Not only at Osborne, but wherever the royal children were, they were brought up as simply as the Queen herself had been. Whatever material was bought for their clothes had to be shown to the Queen, and if it was rich or expensive, she would refuse to allow it to be used. As soon as the princes and princesses were old enough, they were taught to take as much care of their clothes as if they had been a poor man's children. One of their nurses wrote that they had "quite poor living—only a bit of roast beef and perhaps a plain pudding;" and she added, "The Queen is as fit to have been a poor man's wife as a queen." Baron Stockmar was consulted on all nursery questions, and he said that it was more difficult to manage a nursery than a kingdom.

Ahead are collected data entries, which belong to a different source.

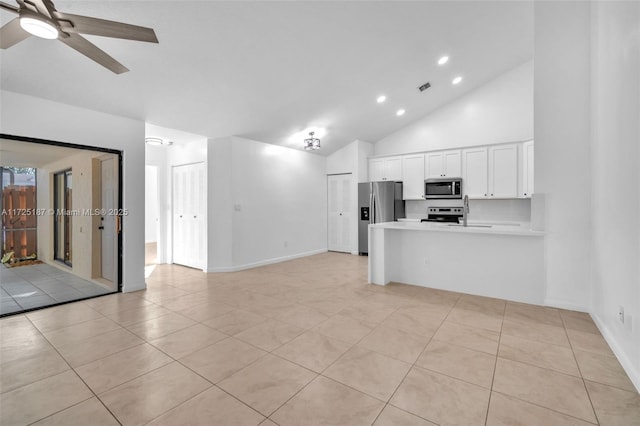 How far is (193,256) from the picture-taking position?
5.70m

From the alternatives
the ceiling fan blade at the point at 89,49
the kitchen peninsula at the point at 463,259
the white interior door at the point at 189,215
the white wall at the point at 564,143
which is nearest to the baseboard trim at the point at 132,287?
the white interior door at the point at 189,215

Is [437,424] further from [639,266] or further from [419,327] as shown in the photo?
[639,266]

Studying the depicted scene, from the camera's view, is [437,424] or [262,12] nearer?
[437,424]

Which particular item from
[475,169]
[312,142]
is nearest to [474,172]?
[475,169]

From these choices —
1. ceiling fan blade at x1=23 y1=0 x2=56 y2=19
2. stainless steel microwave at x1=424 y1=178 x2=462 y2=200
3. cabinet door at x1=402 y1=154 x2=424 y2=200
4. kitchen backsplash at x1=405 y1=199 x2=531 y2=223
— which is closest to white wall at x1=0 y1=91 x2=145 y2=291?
ceiling fan blade at x1=23 y1=0 x2=56 y2=19

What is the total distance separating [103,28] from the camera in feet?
6.21

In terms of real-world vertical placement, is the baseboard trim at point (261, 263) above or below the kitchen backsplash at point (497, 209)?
below

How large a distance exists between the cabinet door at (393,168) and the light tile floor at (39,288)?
5860mm

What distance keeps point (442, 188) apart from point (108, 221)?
6173 millimetres

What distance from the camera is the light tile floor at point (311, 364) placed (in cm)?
168

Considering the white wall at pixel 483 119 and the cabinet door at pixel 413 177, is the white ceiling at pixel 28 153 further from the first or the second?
the white wall at pixel 483 119

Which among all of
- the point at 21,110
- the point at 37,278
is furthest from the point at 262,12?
the point at 37,278

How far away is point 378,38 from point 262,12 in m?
1.56

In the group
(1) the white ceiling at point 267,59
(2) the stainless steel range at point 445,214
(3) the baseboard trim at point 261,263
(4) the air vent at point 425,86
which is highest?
(4) the air vent at point 425,86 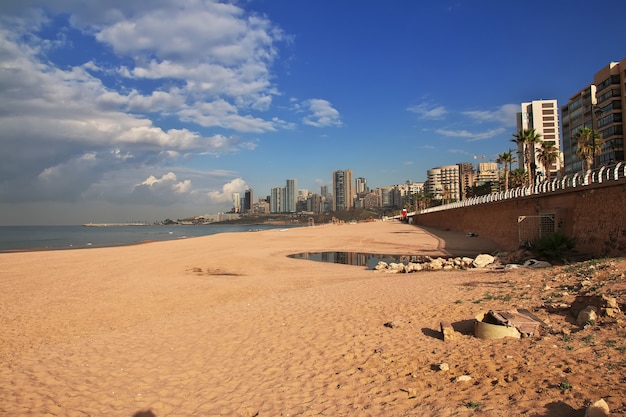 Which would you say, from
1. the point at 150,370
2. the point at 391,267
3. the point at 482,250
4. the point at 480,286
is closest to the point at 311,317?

The Queen tried to make her children understand that they were no better than other children just because they were princes or princesses, and they were obliged to behave with perfect courtesy to the servants of the palace as well as to kings and emperors. It is said that once upon a time two of the children thought it very amusing to take possession of the brushes and blacken the face of a woman who was cleaning a stove; but when the Queen mother discovered their prank, she took the small culprits by the hand and led them to the woman's room and made them apologize most humbly. The little Princess Royal "Vicky" was so independent a young lady that she would sometimes break through her mother's teachings. The story is told that one day a sailor lifted her on board the royal yacht, saying as he sat her down, "There you are, my little lady." "I'm a princess I'm not a little lady," the child retorted; but the watchful mother was listening, and she said, "That is true. Tell the kind sailor that you are not a little lady yet, but that you hope to be some day." Occasionally this willful little Princess preferred to bear a punishment rather than give up her own way. The Queen and the Prince addressed Dr. Brown as "Brown," and the small child followed their example. "You will be sent to bed if you do that again," said the Queen, but the next morning when Dr. Brown appeared, the little girl said with special distinctness: "Good morning, Brown, and good night, Brown, for I'm going to bed, Brown," and, with her saucy little head high in the air, she marched off to bed.

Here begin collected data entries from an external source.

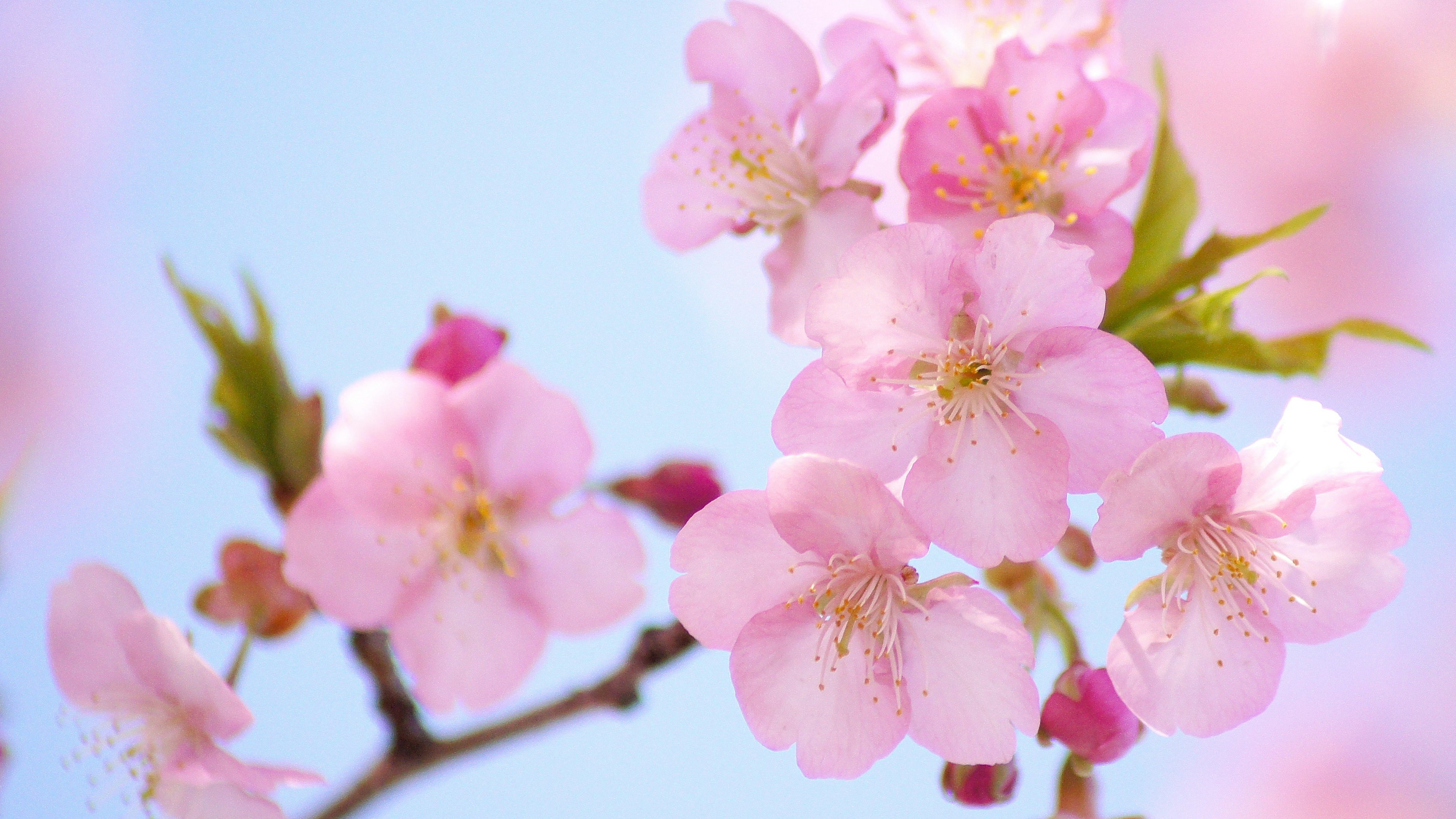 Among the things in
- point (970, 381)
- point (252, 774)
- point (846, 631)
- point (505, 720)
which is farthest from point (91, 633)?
point (970, 381)

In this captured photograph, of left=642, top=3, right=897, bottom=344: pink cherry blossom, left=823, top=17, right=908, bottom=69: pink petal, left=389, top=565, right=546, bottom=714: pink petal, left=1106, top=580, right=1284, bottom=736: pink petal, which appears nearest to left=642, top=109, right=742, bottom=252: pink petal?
left=642, top=3, right=897, bottom=344: pink cherry blossom

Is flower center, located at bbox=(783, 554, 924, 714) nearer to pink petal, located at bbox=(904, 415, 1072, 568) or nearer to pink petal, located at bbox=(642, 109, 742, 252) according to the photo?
pink petal, located at bbox=(904, 415, 1072, 568)

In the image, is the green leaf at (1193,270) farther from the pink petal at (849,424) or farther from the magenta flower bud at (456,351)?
the magenta flower bud at (456,351)

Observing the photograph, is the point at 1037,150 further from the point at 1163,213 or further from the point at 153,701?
the point at 153,701

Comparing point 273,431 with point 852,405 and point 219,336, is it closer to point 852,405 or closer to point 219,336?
point 219,336

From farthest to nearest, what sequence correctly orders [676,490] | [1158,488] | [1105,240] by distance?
[676,490]
[1105,240]
[1158,488] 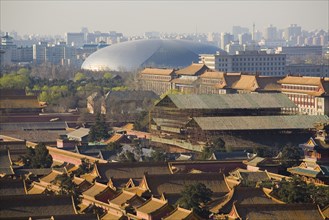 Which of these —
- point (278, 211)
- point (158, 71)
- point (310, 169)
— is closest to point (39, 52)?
point (158, 71)

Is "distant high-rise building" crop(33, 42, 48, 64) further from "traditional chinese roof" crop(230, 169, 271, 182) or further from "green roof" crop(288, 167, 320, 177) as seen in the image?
"green roof" crop(288, 167, 320, 177)

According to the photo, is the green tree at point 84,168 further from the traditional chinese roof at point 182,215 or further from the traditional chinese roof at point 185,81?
the traditional chinese roof at point 185,81

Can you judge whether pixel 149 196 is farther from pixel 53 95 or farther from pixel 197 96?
pixel 53 95

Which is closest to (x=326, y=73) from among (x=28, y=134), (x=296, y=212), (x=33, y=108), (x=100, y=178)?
(x=33, y=108)

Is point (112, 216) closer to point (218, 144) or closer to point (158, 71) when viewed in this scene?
point (218, 144)

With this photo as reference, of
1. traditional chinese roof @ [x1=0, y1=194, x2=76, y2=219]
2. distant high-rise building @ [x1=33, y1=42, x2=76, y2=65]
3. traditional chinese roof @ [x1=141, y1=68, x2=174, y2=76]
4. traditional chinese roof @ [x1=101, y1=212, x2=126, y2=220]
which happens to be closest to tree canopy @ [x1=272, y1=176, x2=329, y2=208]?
traditional chinese roof @ [x1=101, y1=212, x2=126, y2=220]

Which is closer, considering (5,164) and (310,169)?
(310,169)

Happy as the Queen and the Prince were in their home life, one subject in connection with her husband always troubled the loving wife, and that was the annoying question of precedence. She wrote of him in her journal: "He is above me in everything really, and therefore I wish that he should be equal in rank to me." In England she could "put the Prince where she wished him to be," but Parliament had given him no rank, and therefore out of England some sovereigns, like King Ernest, positively refused to grant him any honors that were not due to the younger son of the Duke of Coburg; and when precedence was accorded him, the Queen had to express gratitude as for a personal favor to herself. Unknown to the Prince, she had a long talk on the subject with Baron Stockmar.
"I wish him to have the title of King Consort," she said earnestly.
"A king consort without the authority of a king would be a novelty," replied the Baron, "and the English people do not like anything for which there is no precedent. Queen Anne's husband was never called king."
"But Queen Anne's husband was stupid and insignificant," declared the Queen. "There has never been a case like ours before. Albert and I reign together. He is sovereign as much as I. We discuss all matters and decide together."
"True," admitted the Baron, "but the constitution does not provide for such a condition of affairs. I will talk with Peel about it."
Peel felt as Stockmar did, that it was not wise to propose such a title. The subject arose again some years later, and the shrewd Baron wrote to the Prince in his usual straightforward fashion: "Never abandon your firm, powerful position to run after butterflies. You have the substance; stick by it." The title was never given him, but it was true that he had "the substance." The Queen no longer met her Ministers alone; the Prince was always with her to help and suggest. Whenever either she or the Prince spoke to the Council the word "I" was not used; it was always "We think so-and-so should be done."
Not only the Council but the whole country were gaining in knowledge of the Prince's wisdom and devotion to the good of the kingdom, and in 1847 a valued mark of appreciation was given him in his election as Chancellor of the University of Cambridge, one of the greatest honors that could have been bestowed upon him. The Queen was delighted, because she knew that the position was not given out of compliment to her, but was something that he himself had earned. Soon after the election, came the installation. The magistrates and Yeomanry went to the station to meet the Queen, and then marched before her into the town. She was escorted into the Great Hall of Trinity College and led to an armchair which stood on a platform under a canopy. Soon after she had seated herself, the new Chancellor entered at the farther end of the hall, followed by the long line of university dignitaries. He wore a robe of black and gold, so long that it had to be held up by two gentlemen. When he stood in front of the armchair that represented the throne, he made a low bow and delivered his address. "The situation was almost absurd for us," said the Queen afterwards, but the Prince read his address with perfect command of his countenance and the Queen was quite serious until she caught his eye for a moment at the end of the speech. She half smiled, but in an instant she was again the dignified sovereign, and she declared with a little emphasis that brought forth shouts of applause, "The choice which the university has made of a Chancellor has my most entire approbation."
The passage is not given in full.